If an employee’s underlying character is ignored, Sundquist says, “the job may be executed, but the problems that permeate off the individual … ultimately affect the other members of the team.”
Lesson No. 2: Make sure you have a mission
The GM told me that while interviewing for a job with an unnamed NFL team, he once asked its owner if he was prepared to supply the resources needed to win a Super Bowl. The owner’s honest answer was, “Super Bowl? We don’t say that word around here. Someone might hold us accountable and that would cause too much disruption.”
As Sundquist points out, during his 16 seasons with the Denver Broncos, their mission “was towin a Super Bowl Championship each and every season.”
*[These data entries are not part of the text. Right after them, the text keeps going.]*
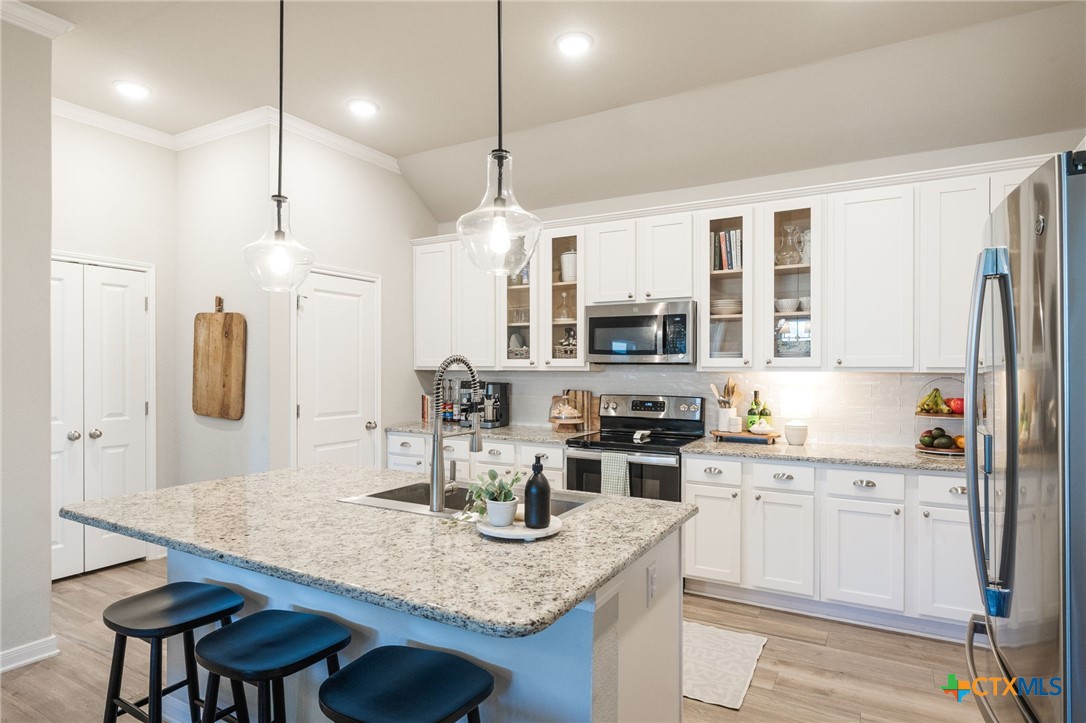 7320 Hammermill Lane Temple, TX 76502 - Photo 9 of 32 a kitchen with stainless steel appliances granite countertop a sink a stove a refrigerator a dining table and chairs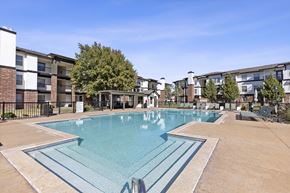 Lubbock apartment for rent - A large swimming pool in a residential area.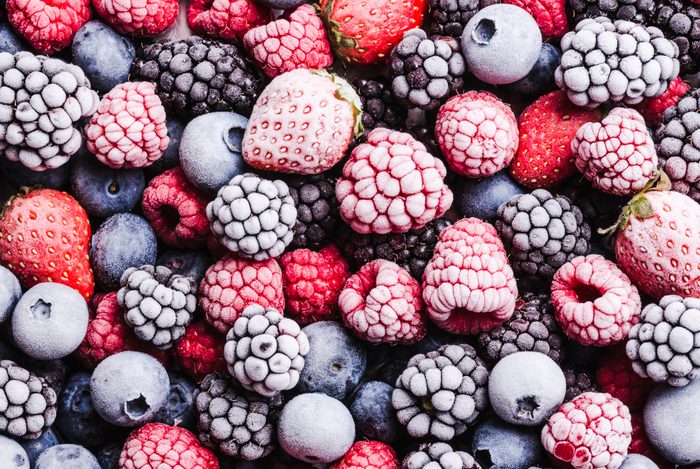 Frozen berries fruits background.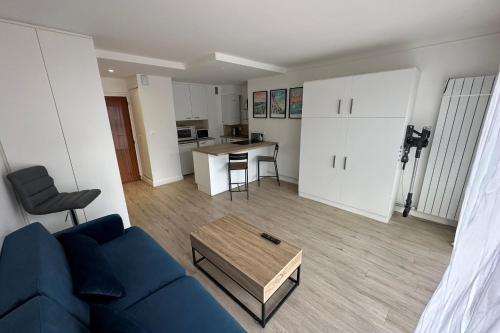 un salon avec un canapé bleu et une table dans l'établissement Perfect studio for a romantic getaway, à La Baule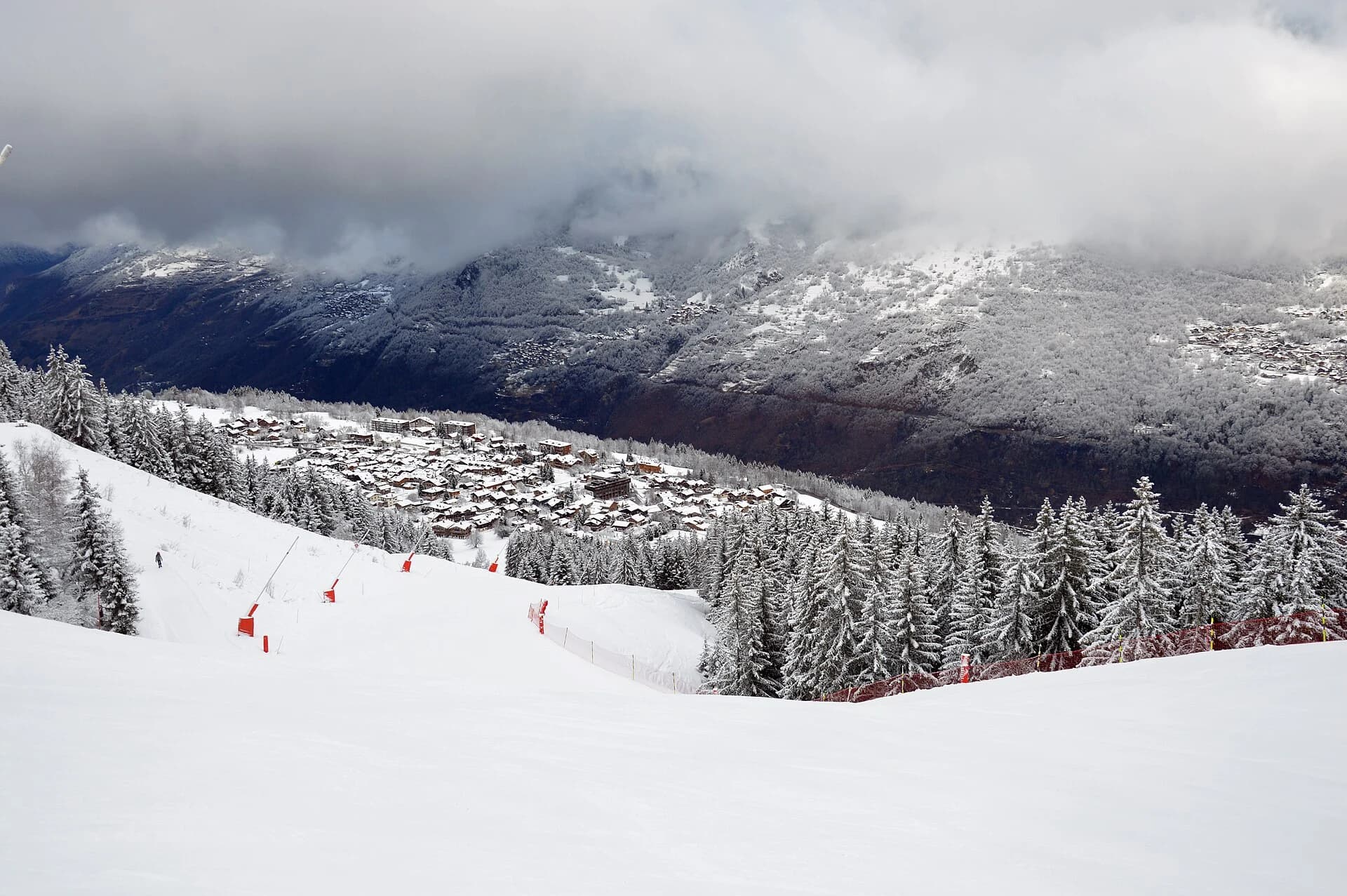 Snow-covered Courchevel Le Praz village beneath wooded mountain slopes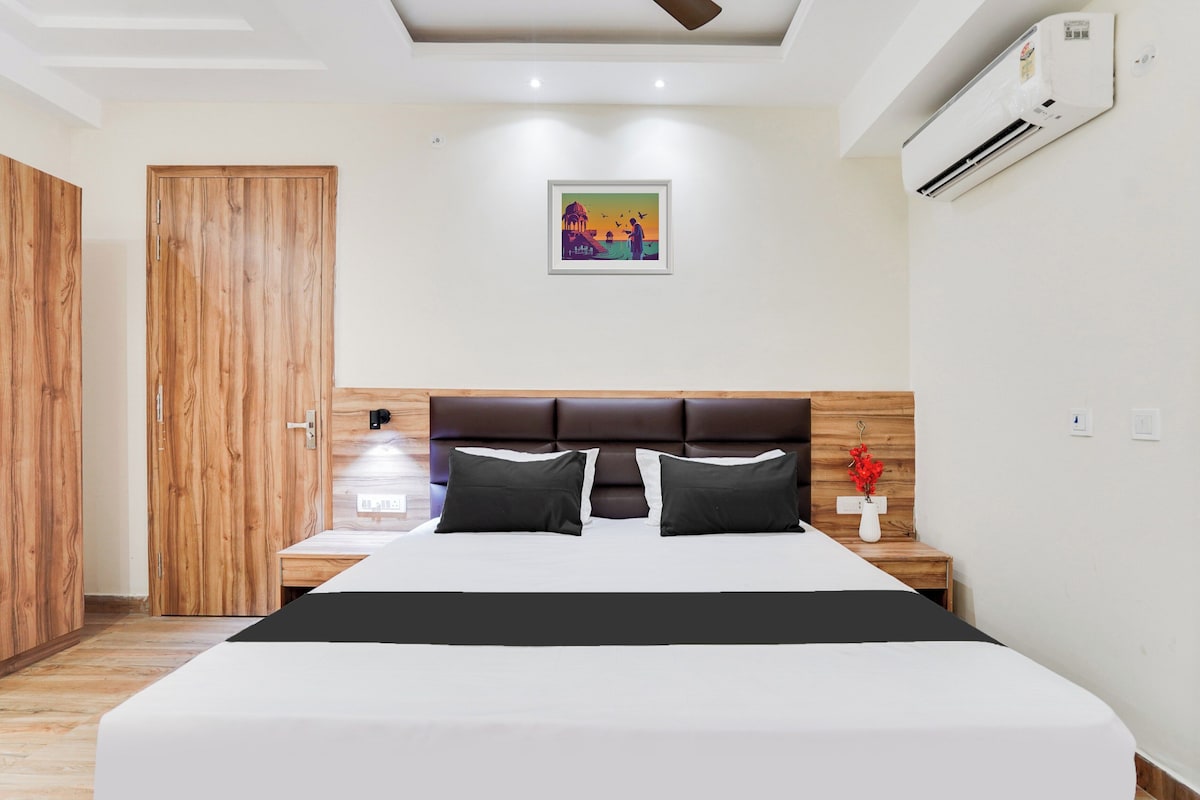 Ein Hotelzimmer mit einem großen Bett, einem Holzschrank, einem Nachttisch mit Blumenvase und einem Deckenventilator.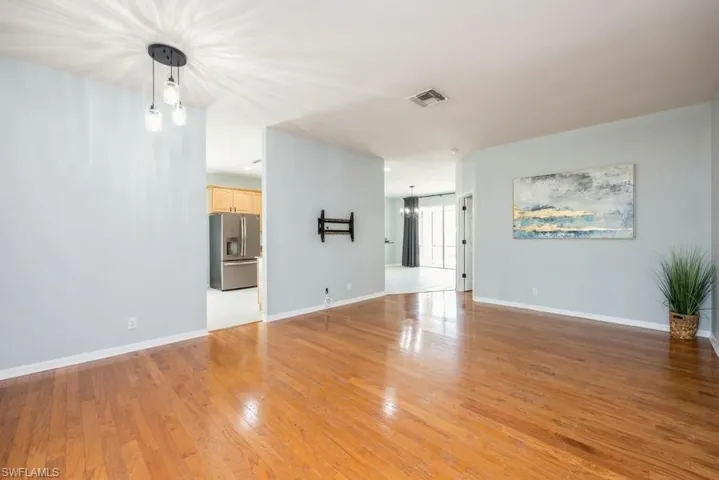 Unfurnished living room featuring a notable chandelier and light hardwood / wood-style flooring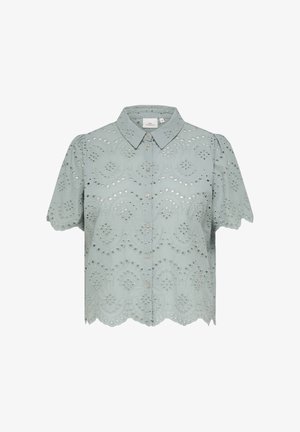Blouse bleu clair à manches courtes, boutonnée sur le devant, avec un ourlet festonné et des motifs de broderie ajourée sur toute la surface.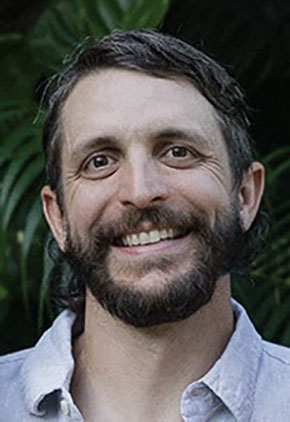 Dr. Weston Heintz smiles outside for a professional photo. He is wearing a light blue button-up.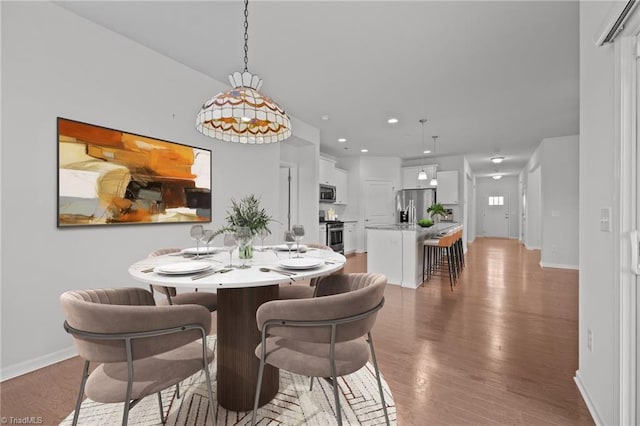 dining room with recessed lighting, light wood finished floors, and baseboards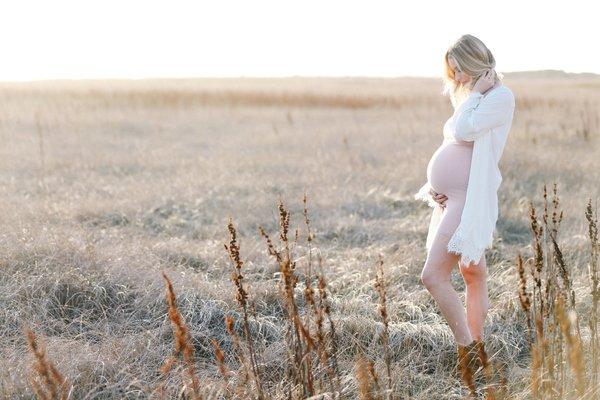 Dreamy backlighting in an open field up the coast of highway one for this maternity session.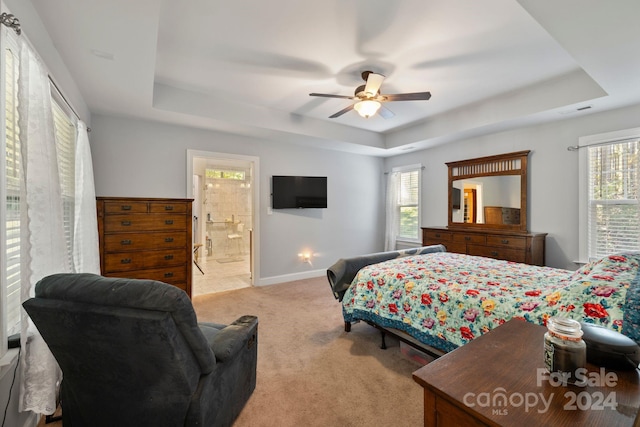 bedroom with light carpet, multiple windows, a tray ceiling, and ceiling fan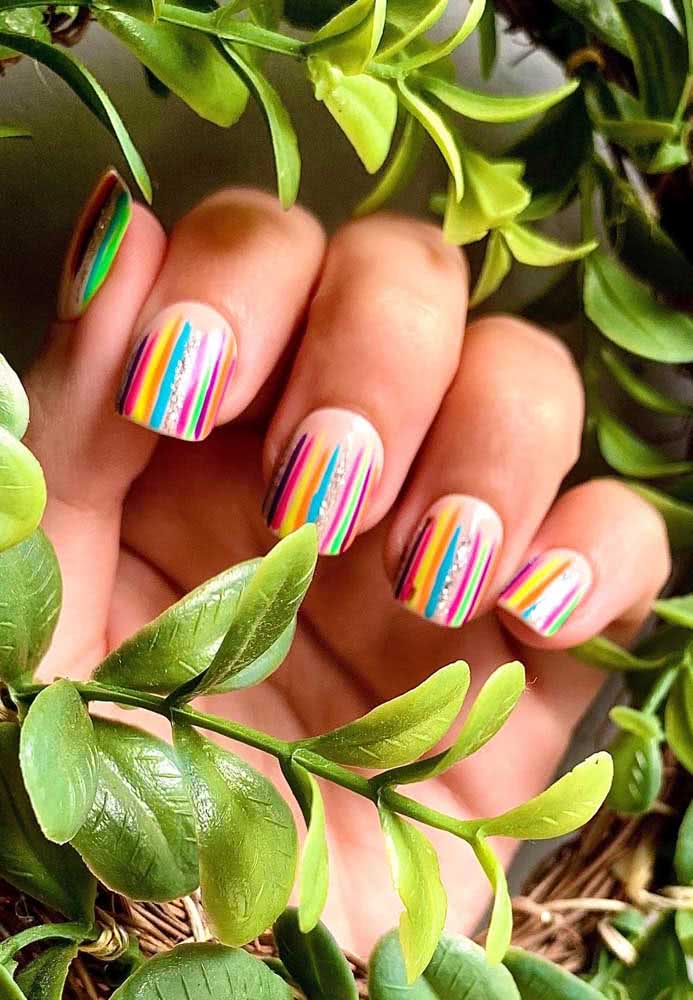 Para se diferenciar um pouco, aposte em unhas listradas neon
“Everything we did,” he says, “centered on completing that mission,” and “everyone within the organization was keenly aware of how their efforts fit into the big picture.” To him, a mission is crucial to any organization because without it, “employees would simply be lost in the ocean of objectives.”
The mission statement, then, does three primary things, according to Sundquist: (a) It summarizes goals, (b) improves efficiency, and (c) maintains focus. These are usually constant no matter the business, whether the mission involves a brokerage trying to improve profit margins, a media company pushing for more page views, or a sports team searching for a championship.
Lesson No. 3: Develop your assets
That said, no goals can ever be reached if employee performance isn’t maximized. Sundquist reveals his football experience taught him that the youngest generation of workers is in search of more than a typical job. He says most tend to want more from their leaders now, and that “the old ideas of ‘give one up for the team’ just don’t resonate as they once did.”
Younger players and employees want and need to know that they will be personally rewarded for their work, and if not, Sundquist has seen what can happen.
They begin immediately looking for an out when they feel the team and its leaders are not there to support them…. Without a clear direction … these team members become complacent regarding their role toward mission accomplishment. In some instances, it takes only one downtrodden or disgruntled team member to destroy the efforts of the entire team.
What’s the fix?
Sundquist explains it is crucial that businesses “create an environment where all members feel as if they are … seen as an investment rather than movable and disposable commodities.” If this can be done, most begin to believe they are more valuable, and as a result, they work harder.